_YOUR OBJECTIVE:_ The listing is to be returned word for word, without its images.

+ + + +

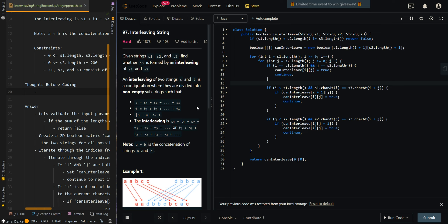In this video, we're going over the bottom-up array approach of interleaving string. Previously, in the 2D bottom-up approach, we can see that in each of the iterations we are only relying on values from rows i and i plus 1. This means we can use a single array to represent our 2D matrix.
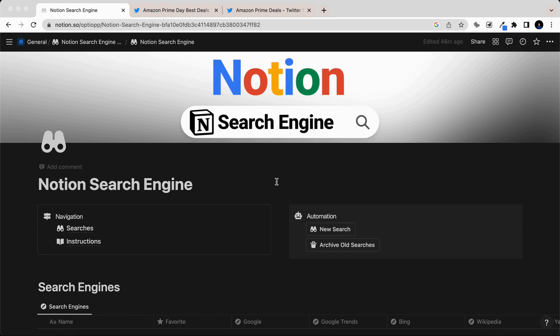And for more free Notion templates and tutorials just like this, don't forget to subscribe. Catch you next time.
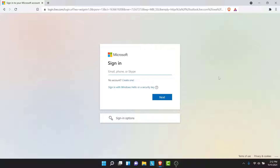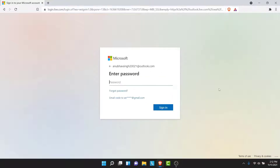Now here, what you need to do is enter your email, phone number, or the Skype ID of the account that you want to recover. Go ahead and do that, then tap on the Next button.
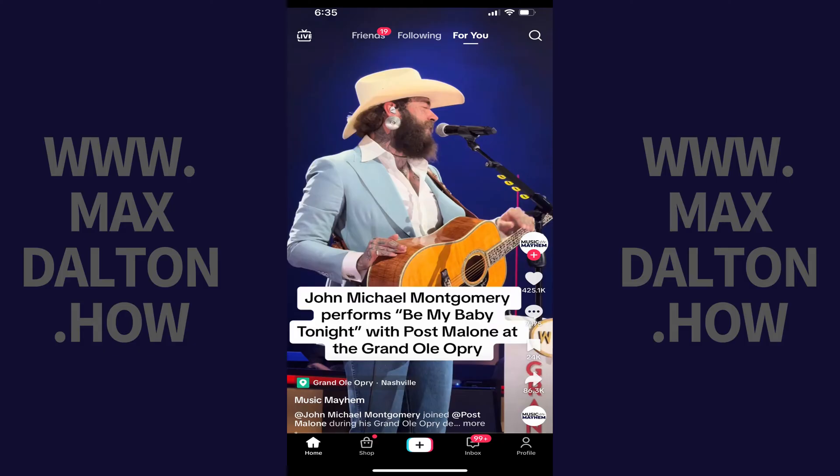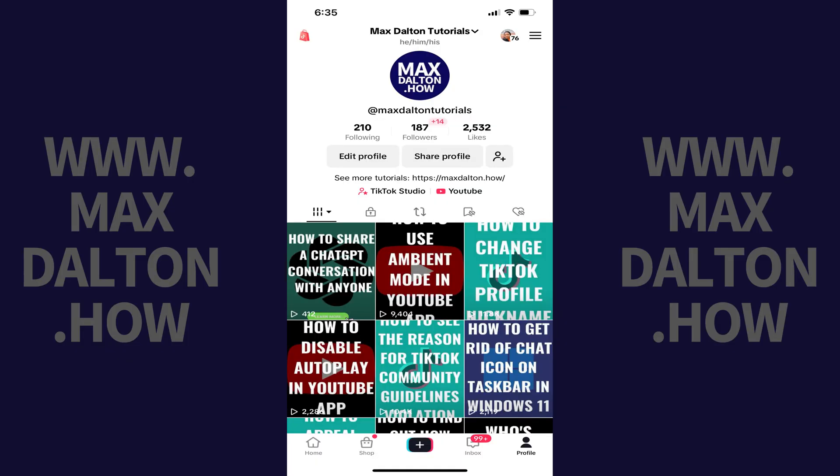Step 1. Open the TikTok app and then tap Profile in the menu along the bottom of the screen. Your TikTok profile screen opens.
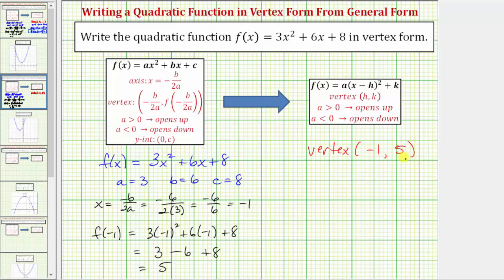Now we have all the information we need in order to write the quadratic function in vertex form. The value of a in vertex form is the same as the value of a in standard form or general form, so we know a equals three. And because we now have the vertex, we know h equals negative one and k equals positive five.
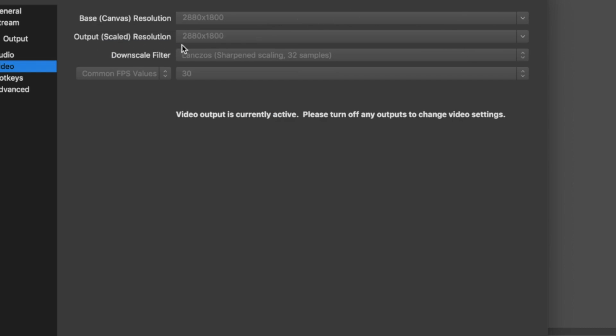Then the output scaled. I'm not going to scale this. And then downscale filter. You want to change that to whatever this is that lands I can't pronounce it but that's the one you want. The 32 samples.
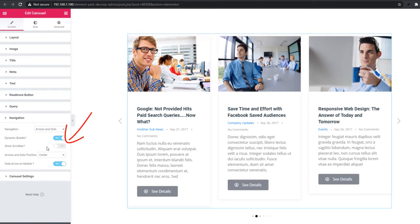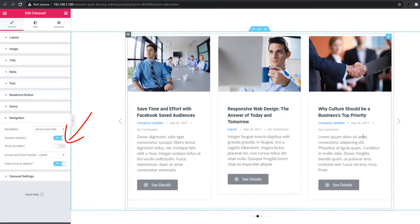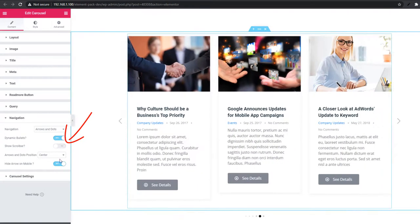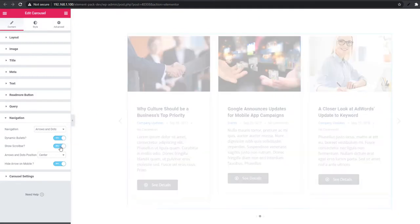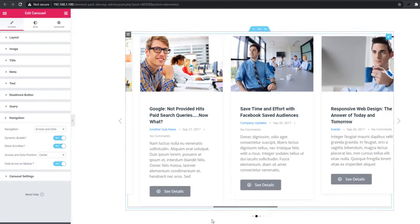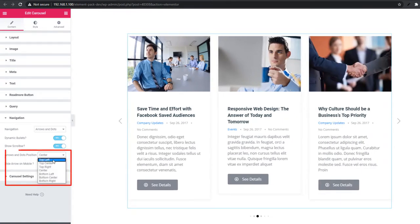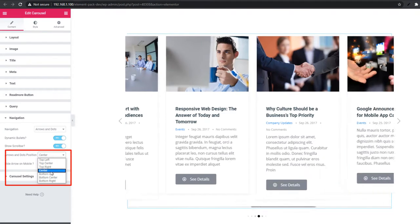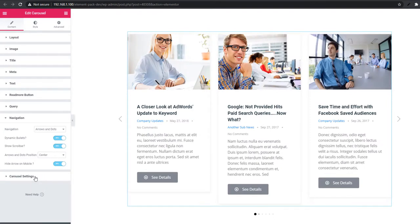Now I will enable the show scroll bar option. See there is no scroll bar when the carousel is scrolling — after enabling show scroll bar, the scroll bar appears after every single scroll. You can also set the arrow or dot position: top left, top center, top right, center left, center center, center right, bottom left, bottom center, or bottom right. Carousel setting is the last section in the content tab.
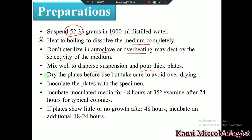After mixing well, we prepare a uniform suspension and pour thick plates. We must prevent the media from drying and pour it while still in liquid form. After inoculating the plates with the specimen, we incubate the media for 24 to 48 hours at 35–37°C in the incubator, and then examine the colonies. If no growth is observed, incubate further for an additional 24 to 48 hours.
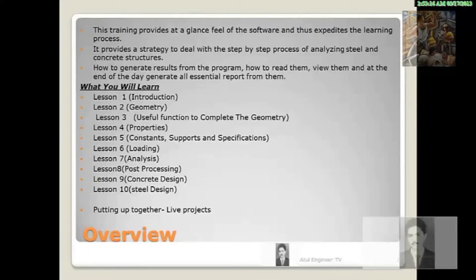The entire training has been divided into 10 lessons, with a talk on the art of structural engineering and live projects. Lesson 1 is an Introduction — this lesson gives you a detailed preview of STADPRO's screen so that you feel more comfortable with the interface and all essential commands.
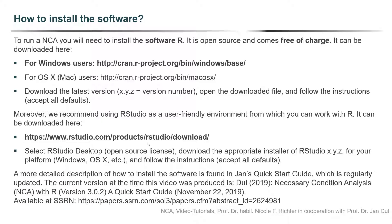Plus I would like to draw your attention to Jan's quick start guide. Within this start guide, Jan is regularly updating information on how to install R on your computer. The current version at the time this video was produced was the version from November 2019. You can download the quick start guide from the Social Science Researcher Network.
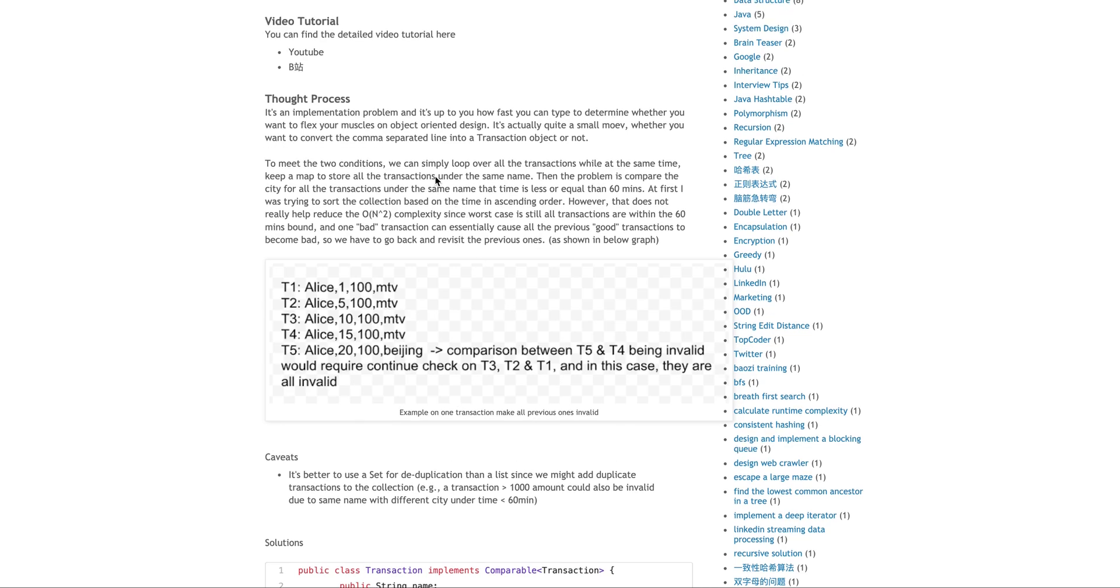Okay. So the example I put here is why the time complexity is O N squared, right? So at first I thought I can do it more efficiently. So that's why I actually trying to sort each of the transactions.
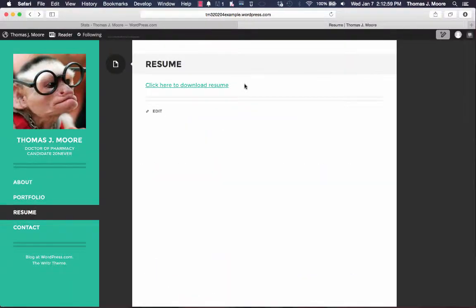So there you have it. That is how to quickly upload your resume onto your WordPress ePortfolio. Thank you for listening.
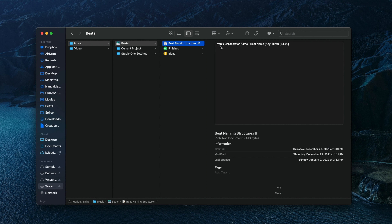Moving on to my Beats folder, you're going to find three items. The first is simply a text file that reminds me how I like to name my beats. The naming structure is: my name, X, then collaborator name if there is one, dash, the beat name, and then in parentheses the key, underscore, BPM, and then in brackets the date I made the beat. Below that text file, we have two more folders — one for finished beats and then one for ideas.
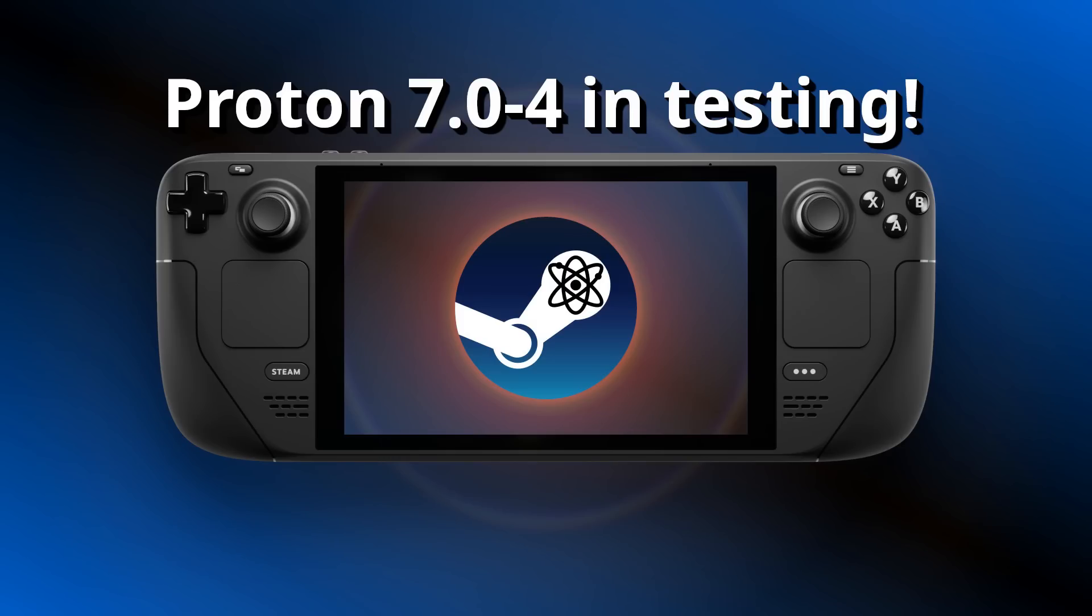Hey guys, Liam here, happy Friday. Valve has begun testing the latest version of Proton, the compatibility layer to run Windows games on Linux desktop and Steam Deck. Proton 7.0-4 now has a public release candidate build ready for testing.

+ + + +

_OUTPUT FOR THIS EXERCISE:_
In this video, we're going over the bottom-up array approach of interleaving string. Previously, in the 2D bottom-up approach, we can see that in each of the iterations we are only relying on values from rows i and i plus 1. This means we can use a single array to represent our 2D matrix.
And for more free Notion templates and tutorials just like this, don't forget to subscribe. Catch you next time.
Now here, what you need to do is enter your email, phone number, or the Skype ID of the account that you want to recover. Go ahead and do that, then tap on the Next button.
Step 1. Open the TikTok app and then tap Profile in the menu along the bottom of the screen. Your TikTok profile screen opens.
Now we have all the information we need in order to write the quadratic function in vertex form. The value of a in vertex form is the same as the value of a in standard form or general form, so we know a equals three. And because we now have the vertex, we know h equals negative one and k equals positive five.
Then the output scaled. I'm not going to scale this. And then downscale filter. You want to change that to whatever this is that lands I can't pronounce it but that's the one you want. The 32 samples.
Now I will enable the show scroll bar option. See there is no scroll bar when the carousel is scrolling — after enabling show scroll bar, the scroll bar appears after every single scroll. You can also set the arrow or dot position: top left, top center, top right, center left, center center, center right, bottom left, bottom center, or bottom right. Carousel setting is the last section in the content tab.
After mixing well, we prepare a uniform suspension and pour thick plates. We must prevent the media from drying and pour it while still in liquid form. After inoculating the plates with the specimen, we incubate the media for 24 to 48 hours at 35–37°C in the incubator, and then examine the colonies. If no growth is observed, incubate further for an additional 24 to 48 hours.
The entire training has been divided into 10 lessons, with a talk on the art of structural engineering and live projects. Lesson 1 is an Introduction — this lesson gives you a detailed preview of STADPRO's screen so that you feel more comfortable with the interface and all essential commands.
Plus I would like to draw your attention to Jan's quick start guide. Within this start guide, Jan is regularly updating information on how to install R on your computer. The current version at the time this video was produced was the version from November 2019. You can download the quick start guide from the Social Science Researcher Network.
Okay. So the example I put here is why the time complexity is O N squared, right? So at first I thought I can do it more efficiently. So that's why I actually trying to sort each of the transactions.
So there you have it. That is how to quickly upload your resume onto your WordPress ePortfolio. Thank you for listening.
Moving on to my Beats folder, you're going to find three items. The first is simply a text file that reminds me how I like to name my beats. The naming structure is: my name, X, then collaborator name if there is one, dash, the beat name, and then in parentheses the key, underscore, BPM, and then in brackets the date I made the beat. Below that text file, we have two more folders — one for finished beats and then one for ideas.
Hey guys, Liam here, happy Friday. Valve has begun testing the latest version of Proton, the compatibility layer to run Windows games on Linux desktop and Steam Deck. Proton 7.0-4 now has a public release candidate build ready for testing.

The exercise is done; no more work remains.